■ **AIM OF THE EXERCISE**
Restate the full listing word for word and leave the pictures out.

■ **MATERIAL PROVIDED**
* * * *
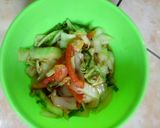Foto langkah ke 6 dari resep Tumis Sawi Simple.
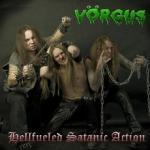 Hellfueled Satanic Action - Cover
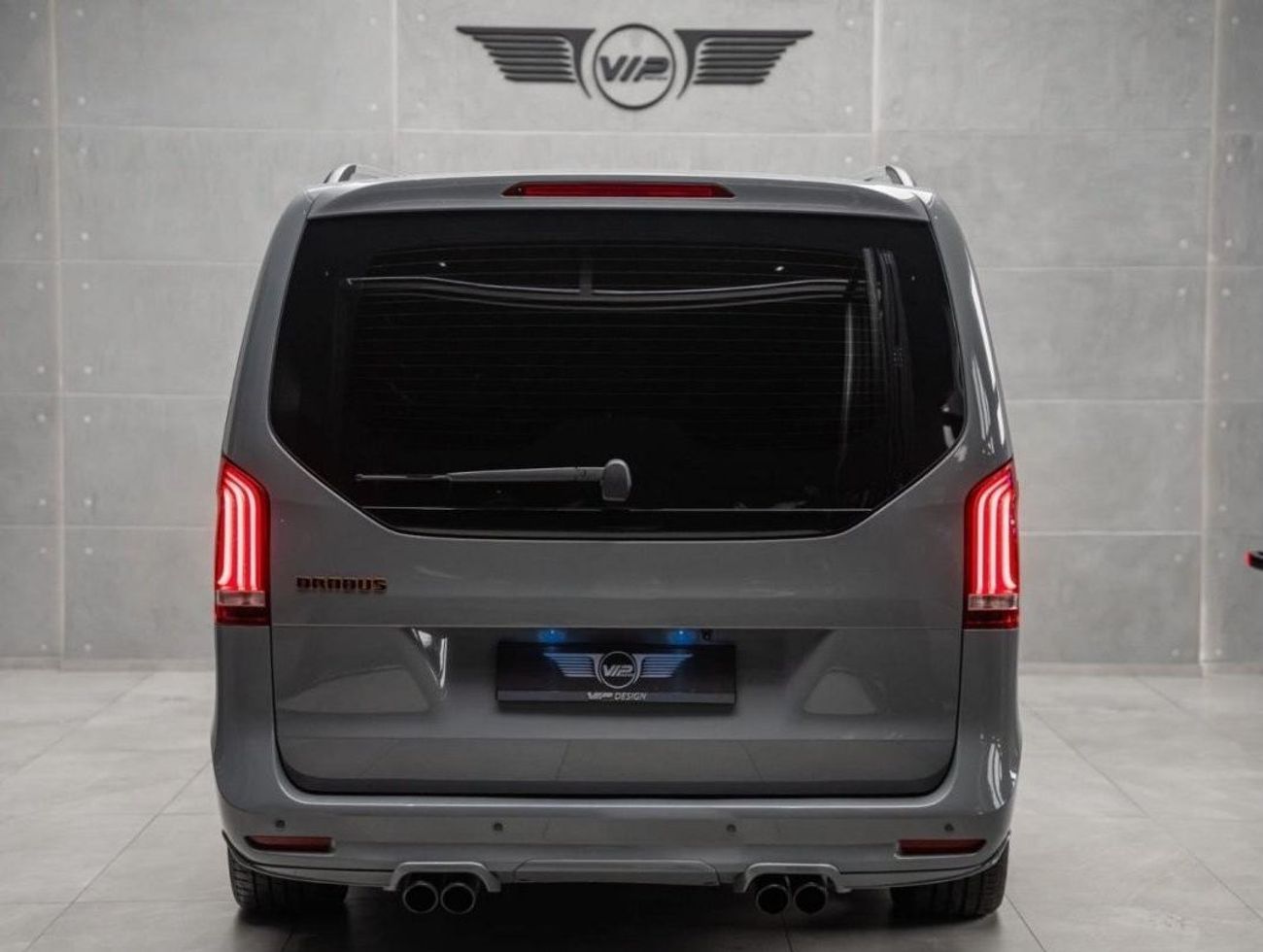 مرسيدس بنز فيتو 2022 | VIP Brabus V-250 | GCC Specs | Brand New | Full Options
* * * *
■ **RESULT OF THIS EXERCISE**
Foto langkah ke 6 dari resep Tumis Sawi Simple.
 Hellfueled Satanic Action - Cover
 مرسيدس بنز فيتو 2022 | VIP Brabus V-250 | GCC Specs | Brand New | Full Options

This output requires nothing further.